Go through the entries below from the first line and output each one exactly, up to and including the line with "エーレスタイル Ehre style 超快適素材体型が美しく見える".

Stored data entries
━━━━━━━━━━━━━━━━

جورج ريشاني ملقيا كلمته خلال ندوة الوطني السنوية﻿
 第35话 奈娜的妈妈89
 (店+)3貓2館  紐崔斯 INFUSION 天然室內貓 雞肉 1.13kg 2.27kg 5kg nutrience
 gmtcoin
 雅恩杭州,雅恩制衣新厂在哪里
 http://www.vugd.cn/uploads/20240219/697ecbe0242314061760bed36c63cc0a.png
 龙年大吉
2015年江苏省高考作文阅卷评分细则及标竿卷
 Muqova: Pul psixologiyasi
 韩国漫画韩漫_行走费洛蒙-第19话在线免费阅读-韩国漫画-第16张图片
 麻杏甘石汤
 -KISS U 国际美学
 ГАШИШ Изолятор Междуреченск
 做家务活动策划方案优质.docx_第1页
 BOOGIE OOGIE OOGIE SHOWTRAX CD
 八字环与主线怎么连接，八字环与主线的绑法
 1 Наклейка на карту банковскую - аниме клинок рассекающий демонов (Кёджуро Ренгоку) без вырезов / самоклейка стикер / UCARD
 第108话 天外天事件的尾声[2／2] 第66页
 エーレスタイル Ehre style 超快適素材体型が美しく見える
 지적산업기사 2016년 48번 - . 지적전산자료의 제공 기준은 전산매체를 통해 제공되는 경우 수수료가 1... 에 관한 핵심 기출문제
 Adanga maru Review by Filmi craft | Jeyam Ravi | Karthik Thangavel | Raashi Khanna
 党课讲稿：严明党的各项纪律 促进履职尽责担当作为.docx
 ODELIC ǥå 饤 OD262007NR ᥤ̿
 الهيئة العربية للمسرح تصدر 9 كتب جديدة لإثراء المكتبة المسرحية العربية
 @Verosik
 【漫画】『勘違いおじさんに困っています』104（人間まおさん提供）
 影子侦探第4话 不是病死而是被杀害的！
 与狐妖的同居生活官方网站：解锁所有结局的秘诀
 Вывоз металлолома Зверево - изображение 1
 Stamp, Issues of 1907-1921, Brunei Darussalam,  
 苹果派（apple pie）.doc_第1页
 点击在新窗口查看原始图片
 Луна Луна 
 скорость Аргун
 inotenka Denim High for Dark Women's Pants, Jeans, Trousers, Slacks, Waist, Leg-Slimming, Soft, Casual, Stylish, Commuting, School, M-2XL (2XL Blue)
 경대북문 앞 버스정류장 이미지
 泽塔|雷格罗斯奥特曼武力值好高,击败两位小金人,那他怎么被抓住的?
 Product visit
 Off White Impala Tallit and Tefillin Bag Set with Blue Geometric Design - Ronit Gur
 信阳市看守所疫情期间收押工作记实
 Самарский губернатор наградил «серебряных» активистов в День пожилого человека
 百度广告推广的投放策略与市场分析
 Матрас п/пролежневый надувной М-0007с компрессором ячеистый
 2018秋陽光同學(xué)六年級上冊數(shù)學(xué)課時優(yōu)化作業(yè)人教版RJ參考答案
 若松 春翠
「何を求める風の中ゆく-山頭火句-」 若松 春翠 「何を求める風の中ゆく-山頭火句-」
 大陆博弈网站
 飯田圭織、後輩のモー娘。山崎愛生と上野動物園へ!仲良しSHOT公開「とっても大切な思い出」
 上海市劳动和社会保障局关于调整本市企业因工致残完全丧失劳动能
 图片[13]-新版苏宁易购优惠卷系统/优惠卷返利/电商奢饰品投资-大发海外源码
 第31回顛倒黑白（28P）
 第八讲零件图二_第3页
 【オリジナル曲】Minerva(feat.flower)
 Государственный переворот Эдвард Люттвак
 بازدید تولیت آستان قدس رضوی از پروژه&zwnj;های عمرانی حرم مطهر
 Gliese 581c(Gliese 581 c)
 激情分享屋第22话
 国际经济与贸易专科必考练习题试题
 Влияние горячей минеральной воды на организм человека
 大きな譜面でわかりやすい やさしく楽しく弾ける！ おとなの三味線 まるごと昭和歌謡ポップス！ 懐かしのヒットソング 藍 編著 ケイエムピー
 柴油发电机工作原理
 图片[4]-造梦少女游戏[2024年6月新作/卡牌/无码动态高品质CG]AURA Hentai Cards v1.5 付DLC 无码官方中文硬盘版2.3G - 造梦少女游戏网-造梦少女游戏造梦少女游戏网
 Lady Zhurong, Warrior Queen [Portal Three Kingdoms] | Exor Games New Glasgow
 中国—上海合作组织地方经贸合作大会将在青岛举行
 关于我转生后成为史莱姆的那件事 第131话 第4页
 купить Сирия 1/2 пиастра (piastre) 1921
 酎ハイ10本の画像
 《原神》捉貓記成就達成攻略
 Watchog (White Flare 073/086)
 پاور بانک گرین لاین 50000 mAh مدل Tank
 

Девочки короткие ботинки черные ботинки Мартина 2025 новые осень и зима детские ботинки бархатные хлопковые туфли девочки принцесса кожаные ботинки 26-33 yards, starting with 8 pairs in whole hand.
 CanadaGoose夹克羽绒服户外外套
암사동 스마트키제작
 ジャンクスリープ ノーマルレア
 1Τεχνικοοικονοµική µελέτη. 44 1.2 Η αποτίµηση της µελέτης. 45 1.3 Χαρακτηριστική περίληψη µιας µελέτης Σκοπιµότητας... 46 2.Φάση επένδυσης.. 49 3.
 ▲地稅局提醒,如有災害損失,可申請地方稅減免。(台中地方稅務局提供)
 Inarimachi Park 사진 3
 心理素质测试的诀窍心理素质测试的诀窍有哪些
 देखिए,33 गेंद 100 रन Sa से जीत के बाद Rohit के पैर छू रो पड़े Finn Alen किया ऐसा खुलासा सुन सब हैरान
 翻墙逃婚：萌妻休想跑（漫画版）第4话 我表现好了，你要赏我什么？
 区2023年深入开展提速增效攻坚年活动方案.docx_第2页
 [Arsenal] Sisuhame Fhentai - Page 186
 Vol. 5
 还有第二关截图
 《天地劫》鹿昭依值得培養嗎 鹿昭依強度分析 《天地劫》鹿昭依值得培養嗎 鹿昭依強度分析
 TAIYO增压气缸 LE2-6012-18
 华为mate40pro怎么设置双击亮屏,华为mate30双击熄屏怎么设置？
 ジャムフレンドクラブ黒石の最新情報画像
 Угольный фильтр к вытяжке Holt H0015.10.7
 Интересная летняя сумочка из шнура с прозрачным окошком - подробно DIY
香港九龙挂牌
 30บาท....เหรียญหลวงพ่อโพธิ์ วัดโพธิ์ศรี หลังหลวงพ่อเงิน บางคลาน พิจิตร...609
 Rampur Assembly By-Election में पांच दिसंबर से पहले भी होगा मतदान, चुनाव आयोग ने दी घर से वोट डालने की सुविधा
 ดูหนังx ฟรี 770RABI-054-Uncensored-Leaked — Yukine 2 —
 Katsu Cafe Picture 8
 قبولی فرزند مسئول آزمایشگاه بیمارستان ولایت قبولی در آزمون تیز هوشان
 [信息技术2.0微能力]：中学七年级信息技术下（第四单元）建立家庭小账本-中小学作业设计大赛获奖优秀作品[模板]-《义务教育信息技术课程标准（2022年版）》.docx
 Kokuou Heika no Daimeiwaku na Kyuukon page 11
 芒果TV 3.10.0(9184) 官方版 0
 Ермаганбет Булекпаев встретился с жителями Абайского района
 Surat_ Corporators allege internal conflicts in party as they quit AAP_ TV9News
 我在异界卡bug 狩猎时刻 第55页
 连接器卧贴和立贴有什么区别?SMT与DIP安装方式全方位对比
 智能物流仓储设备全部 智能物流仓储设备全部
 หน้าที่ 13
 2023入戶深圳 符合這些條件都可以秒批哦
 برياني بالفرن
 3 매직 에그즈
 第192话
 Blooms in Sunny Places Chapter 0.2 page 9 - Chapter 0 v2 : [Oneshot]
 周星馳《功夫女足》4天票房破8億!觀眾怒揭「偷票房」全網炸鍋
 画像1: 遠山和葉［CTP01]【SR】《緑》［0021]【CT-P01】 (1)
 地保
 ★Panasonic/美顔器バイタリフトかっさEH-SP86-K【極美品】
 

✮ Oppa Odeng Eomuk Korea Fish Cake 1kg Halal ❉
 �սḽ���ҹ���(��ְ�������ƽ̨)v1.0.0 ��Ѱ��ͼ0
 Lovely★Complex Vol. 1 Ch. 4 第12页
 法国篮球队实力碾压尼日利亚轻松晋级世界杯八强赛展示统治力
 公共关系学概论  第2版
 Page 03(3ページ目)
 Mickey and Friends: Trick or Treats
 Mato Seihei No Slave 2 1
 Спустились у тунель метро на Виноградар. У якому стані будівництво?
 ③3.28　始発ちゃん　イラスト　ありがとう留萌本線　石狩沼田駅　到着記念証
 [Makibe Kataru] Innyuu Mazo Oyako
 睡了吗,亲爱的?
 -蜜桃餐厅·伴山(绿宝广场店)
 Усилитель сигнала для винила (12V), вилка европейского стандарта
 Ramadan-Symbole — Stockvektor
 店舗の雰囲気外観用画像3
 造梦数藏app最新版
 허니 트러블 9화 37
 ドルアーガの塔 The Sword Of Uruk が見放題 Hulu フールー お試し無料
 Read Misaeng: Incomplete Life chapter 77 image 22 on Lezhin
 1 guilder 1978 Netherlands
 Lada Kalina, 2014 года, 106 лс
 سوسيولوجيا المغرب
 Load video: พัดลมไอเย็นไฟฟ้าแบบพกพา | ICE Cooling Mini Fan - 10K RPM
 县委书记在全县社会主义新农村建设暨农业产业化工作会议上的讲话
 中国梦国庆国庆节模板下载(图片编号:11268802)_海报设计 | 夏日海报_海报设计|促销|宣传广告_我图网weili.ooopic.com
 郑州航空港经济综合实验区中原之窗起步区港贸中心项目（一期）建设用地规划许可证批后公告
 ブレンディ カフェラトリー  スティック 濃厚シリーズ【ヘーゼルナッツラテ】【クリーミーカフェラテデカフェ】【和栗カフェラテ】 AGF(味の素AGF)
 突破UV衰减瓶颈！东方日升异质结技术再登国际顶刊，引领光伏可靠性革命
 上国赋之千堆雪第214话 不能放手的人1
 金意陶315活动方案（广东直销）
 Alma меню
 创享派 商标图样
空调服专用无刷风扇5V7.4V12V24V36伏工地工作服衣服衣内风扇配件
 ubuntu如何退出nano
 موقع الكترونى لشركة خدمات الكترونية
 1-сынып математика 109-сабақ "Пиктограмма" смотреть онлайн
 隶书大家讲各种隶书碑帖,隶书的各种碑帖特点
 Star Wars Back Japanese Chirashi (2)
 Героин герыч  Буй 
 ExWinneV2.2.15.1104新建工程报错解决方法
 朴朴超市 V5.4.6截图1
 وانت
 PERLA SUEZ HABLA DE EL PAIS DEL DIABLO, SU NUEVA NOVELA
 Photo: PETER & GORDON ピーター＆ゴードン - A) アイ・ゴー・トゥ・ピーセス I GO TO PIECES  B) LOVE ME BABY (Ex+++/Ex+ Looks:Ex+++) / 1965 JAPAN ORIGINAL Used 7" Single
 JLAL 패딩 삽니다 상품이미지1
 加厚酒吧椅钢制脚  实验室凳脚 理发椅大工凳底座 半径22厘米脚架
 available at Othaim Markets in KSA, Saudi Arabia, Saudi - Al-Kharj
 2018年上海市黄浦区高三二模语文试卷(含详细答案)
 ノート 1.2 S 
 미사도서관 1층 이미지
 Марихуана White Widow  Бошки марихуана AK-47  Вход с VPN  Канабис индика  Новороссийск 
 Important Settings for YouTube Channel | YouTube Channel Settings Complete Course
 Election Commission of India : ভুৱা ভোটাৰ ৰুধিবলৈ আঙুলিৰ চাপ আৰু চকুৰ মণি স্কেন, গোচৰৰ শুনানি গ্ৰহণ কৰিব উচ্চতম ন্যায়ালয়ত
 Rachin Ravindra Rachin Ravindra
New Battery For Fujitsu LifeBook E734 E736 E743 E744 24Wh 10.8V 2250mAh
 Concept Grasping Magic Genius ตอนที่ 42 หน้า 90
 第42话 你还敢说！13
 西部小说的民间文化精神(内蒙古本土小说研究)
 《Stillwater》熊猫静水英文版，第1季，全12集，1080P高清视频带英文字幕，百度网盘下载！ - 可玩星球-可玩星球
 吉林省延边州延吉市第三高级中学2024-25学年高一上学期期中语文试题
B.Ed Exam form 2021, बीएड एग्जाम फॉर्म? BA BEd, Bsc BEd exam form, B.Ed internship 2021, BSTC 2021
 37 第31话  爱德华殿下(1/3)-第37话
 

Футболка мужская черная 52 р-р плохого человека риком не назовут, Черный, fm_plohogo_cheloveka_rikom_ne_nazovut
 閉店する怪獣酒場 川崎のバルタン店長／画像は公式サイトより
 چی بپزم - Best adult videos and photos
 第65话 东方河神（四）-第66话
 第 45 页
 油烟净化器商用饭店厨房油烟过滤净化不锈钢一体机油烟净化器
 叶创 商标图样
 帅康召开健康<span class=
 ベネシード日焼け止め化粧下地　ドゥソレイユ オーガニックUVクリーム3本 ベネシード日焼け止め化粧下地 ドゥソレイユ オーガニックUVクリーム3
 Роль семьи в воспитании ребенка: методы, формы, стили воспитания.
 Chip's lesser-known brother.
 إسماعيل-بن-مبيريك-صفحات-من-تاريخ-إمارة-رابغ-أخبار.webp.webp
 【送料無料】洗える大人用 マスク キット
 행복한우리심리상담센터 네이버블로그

━━━━━━━━━━━━━━━━

WRITTEN RESPONSE:
جورج ريشاني ملقيا كلمته خلال ندوة الوطني السنوية﻿
 第35话 奈娜的妈妈89
 (店+)3貓2館  紐崔斯 INFUSION 天然室內貓 雞肉 1.13kg 2.27kg 5kg nutrience
 gmtcoin
 雅恩杭州,雅恩制衣新厂在哪里
 http://www.vugd.cn/uploads/20240219/697ecbe0242314061760bed36c63cc0a.png
 龙年大吉
2015年江苏省高考作文阅卷评分细则及标竿卷
 Muqova: Pul psixologiyasi
 韩国漫画韩漫_行走费洛蒙-第19话在线免费阅读-韩国漫画-第16张图片
 麻杏甘石汤
 -KISS U 国际美学
 ГАШИШ Изолятор Междуреченск
 做家务活动策划方案优质.docx_第1页
 BOOGIE OOGIE OOGIE SHOWTRAX CD
 八字环与主线怎么连接，八字环与主线的绑法
 1 Наклейка на карту банковскую - аниме клинок рассекающий демонов (Кёджуро Ренгоку) без вырезов / самоклейка стикер / UCARD
 第108话 天外天事件的尾声[2／2] 第66页
 エーレスタイル Ehre style 超快適素材体型が美しく見える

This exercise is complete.